::: Supplied information :::

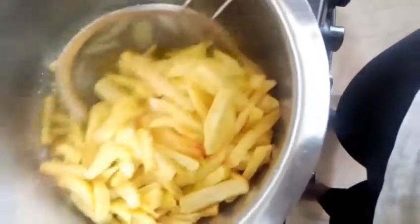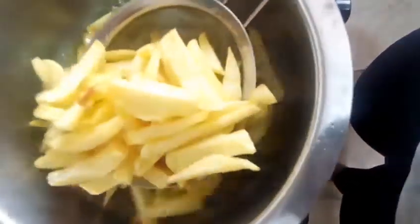So guys, it's about 15 minutes and I think they are ready. Yes, they have turned a brownish color. For me they are ready because I don't like crunchy chips, so at this point they are done for me.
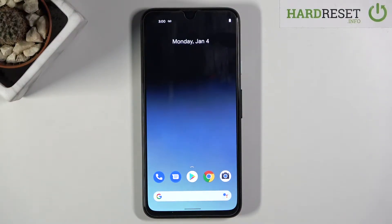Welcome! In front of me is a Google Pixel 4a and today I'll show you how to put the device into fastboot mode.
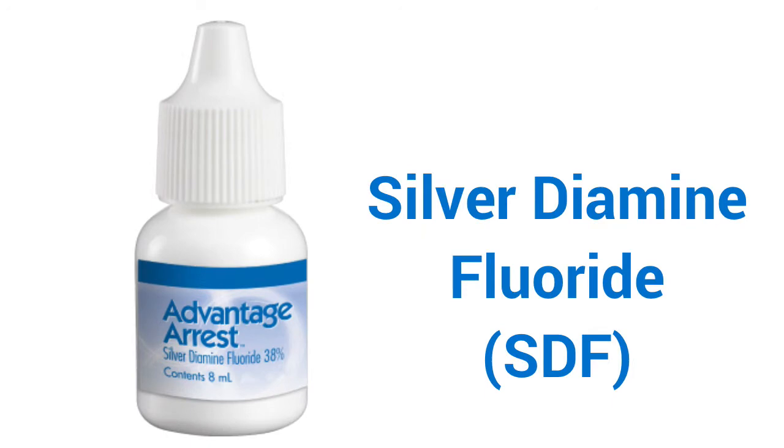This is a product that's unlike any other fluoride varnish. This is a product that you can apply to a lesion, a carious lesion, and it will arrest it solid as a rock within 24 to 48 hours. This is actually a way to stop the disease process.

:::

◆ What this task involves
Would you output the full listing exactly as it stands, minus the images?

◆ Task result
So guys, it's about 15 minutes and I think they are ready. Yes, they have turned a brownish color. For me they are ready because I don't like crunchy chips, so at this point they are done for me.
Welcome! In front of me is a Google Pixel 4a and today I'll show you how to put the device into fastboot mode.
This is a product that's unlike any other fluoride varnish. This is a product that you can apply to a lesion, a carious lesion, and it will arrest it solid as a rock within 24 to 48 hours. This is actually a way to stop the disease process.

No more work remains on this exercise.